The 2002 crew at the Yosemite Glacier Point star party. Group photo taken by a helpful tourist.

The culmination of observing preparations — Pres. Mike Koop and VP Bob Havner check the collimation on the new 17" club loaner scope donated by Jack Zeiders.

Michael Dajewski brought loaner #28.

Bob Brauer found Pluto in his 8-inch.

Hsin Huang found Ursa Major.

Jane Houston Jones explains newtonian optics.


I attended the SJAA public star party at Yosemite's Glacier Point, July 5-6, 2002. This was a first for me, since I am fairly new to the hobby. I purchased my first scope (NexStar 11 GPS) 7 months ago; and other than Henry Coe park I hadn't ever been to anything resembling a dark site.

The first night was fabulous: extremely dark sky, very clear; gazillions of stars. Seeing was excellent. I was able to split the double-double (epsilon lyrae) cleanly at low magnifications, and even at 295X both pairs were in the field of view with significant gaps in each pair. I also got better views of galaxies (M82, M51, M31) than I had ever gotten before - especially M31, which was very bright.
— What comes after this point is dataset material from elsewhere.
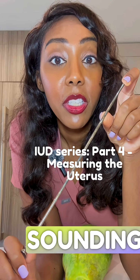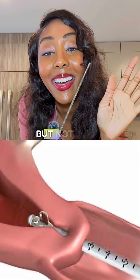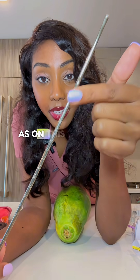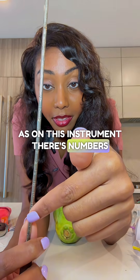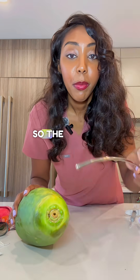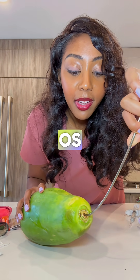The next step would include sounding the uterus. This step helps to measure your uterus, but not every provider does it — I actually often skip this part as well. On this instrument, there are numbers, and this allows us to see how long the uterus is. The provider will put the sound through your cervical os.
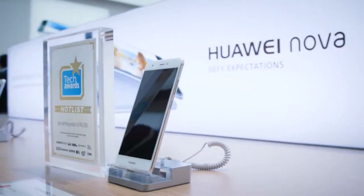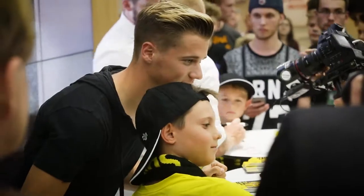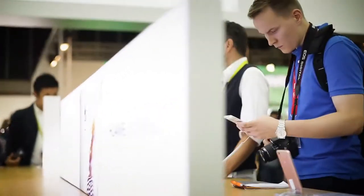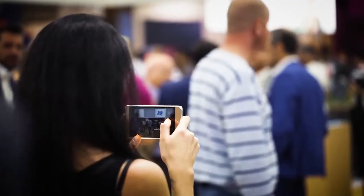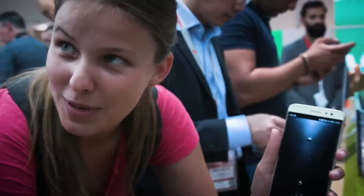It's slim, lightweight — that's all I think. It's nice. Glossy and smooth when you touch it, it's pretty cool. It's quite fast. Good impression. Photos are totally perfect. I have to buy this one.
The ring, dumbell and swan nebulae were also great views, even without a filter.

This was the first time I'd ever actually seen the Milky Way. It looked like a large, bright white cloud (with black rifts) extending from horizon to horizon. I felt as though I could have just sat there all night gazing at the sky without the need of binoculars or scope. In fact, I did that for quite a while.

I stayed up until about 3 a.m. the first night and quit when the crescent moon began to rise. When I finished packing up, there were only about three people left: Morris and Jane Houston Jones, and Mike Koop. They seemed to be having a lot of fun finding objects in their big scopes.

During the daytime I drove down to the valley floor, got a hamburger at Yosemite Village, and then drove to a picnic spot below El Portal to do some fishing. I caught and released a nice rainbow trout and then headed back up to Glacier Point.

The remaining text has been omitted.